→ What the exercise asks: Your answer must consist of exactly the lines below, starting with the line with "Olaplex number six" and going on through the line with "I'm Darren Buford.", and nothing else.

→ Raw data:
******************************
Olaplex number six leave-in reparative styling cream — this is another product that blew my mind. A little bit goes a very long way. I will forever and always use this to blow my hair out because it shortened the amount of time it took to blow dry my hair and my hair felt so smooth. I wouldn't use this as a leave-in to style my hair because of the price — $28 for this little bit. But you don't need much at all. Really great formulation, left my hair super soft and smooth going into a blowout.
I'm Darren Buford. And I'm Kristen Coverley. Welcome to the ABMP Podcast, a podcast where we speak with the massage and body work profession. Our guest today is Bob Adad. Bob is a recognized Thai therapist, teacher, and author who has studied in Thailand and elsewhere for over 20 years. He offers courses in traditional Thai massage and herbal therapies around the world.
******************************
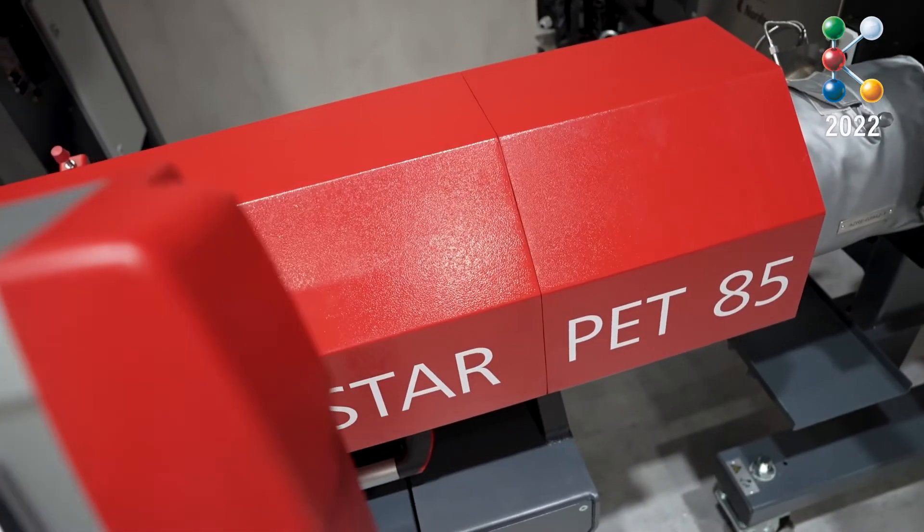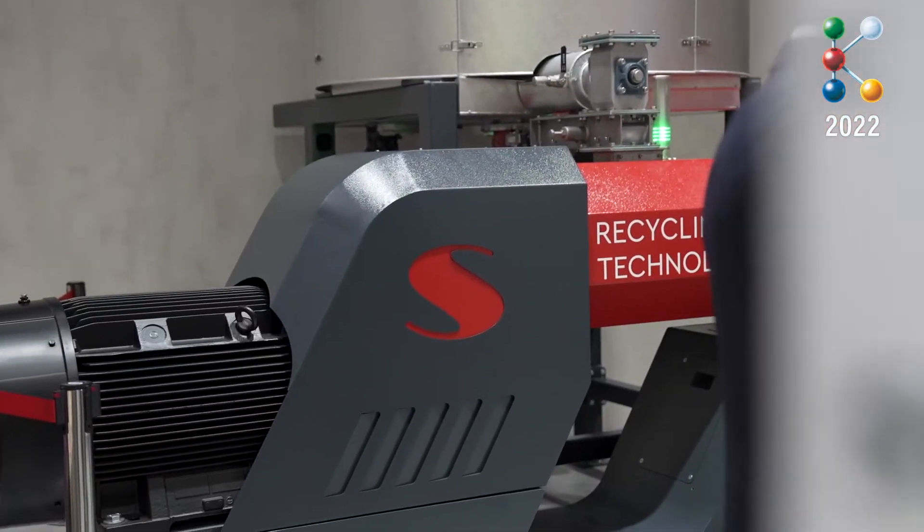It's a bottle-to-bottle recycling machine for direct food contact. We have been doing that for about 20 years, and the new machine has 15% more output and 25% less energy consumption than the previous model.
******************************
→ Solution to this exercise:
Olaplex number six leave-in reparative styling cream — this is another product that blew my mind. A little bit goes a very long way. I will forever and always use this to blow my hair out because it shortened the amount of time it took to blow dry my hair and my hair felt so smooth. I wouldn't use this as a leave-in to style my hair because of the price — $28 for this little bit. But you don't need much at all. Really great formulation, left my hair super soft and smooth going into a blowout.
I'm Darren Buford. And I'm Kristen Coverley. Welcome to the ABMP Podcast, a podcast where we speak with the massage and body work profession. Our guest today is Bob Adad. Bob is a recognized Thai therapist, teacher, and author who has studied in Thailand and elsewhere for over 20 years. He offers courses in traditional Thai massage and herbal therapies around the world.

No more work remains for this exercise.